Beginning with the line containing "Elegant Tan Suede Heels with Studded Detail." and ending at the last line of the data, set down every line exactly, leaving out all pictures.

Start of DATASET EXCERPT

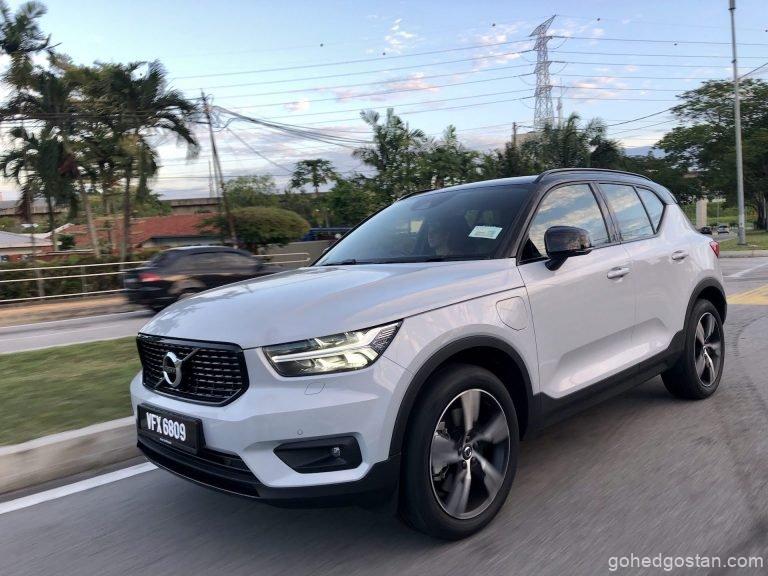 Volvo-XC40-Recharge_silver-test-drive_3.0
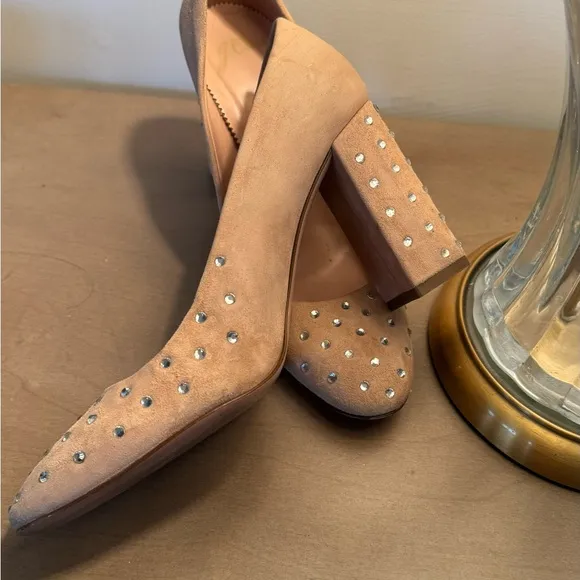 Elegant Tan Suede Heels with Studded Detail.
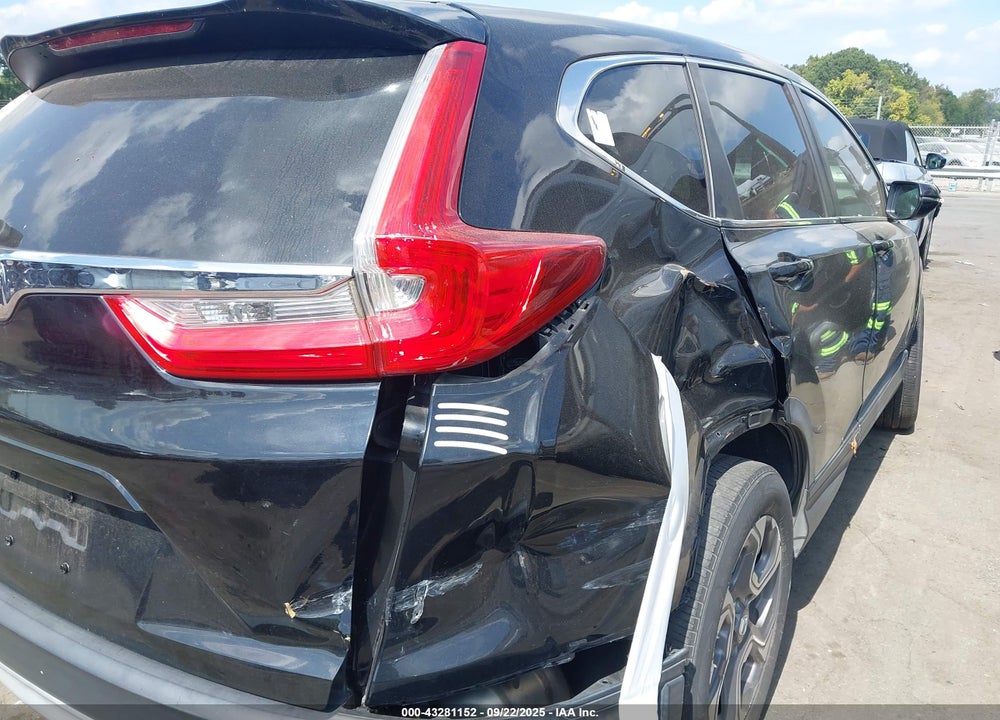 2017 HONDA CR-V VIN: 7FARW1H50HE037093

End of DATASET EXCERPT

YOUR RESPONSE
 Elegant Tan Suede Heels with Studded Detail.
 2017 HONDA CR-V VIN: 7FARW1H50HE037093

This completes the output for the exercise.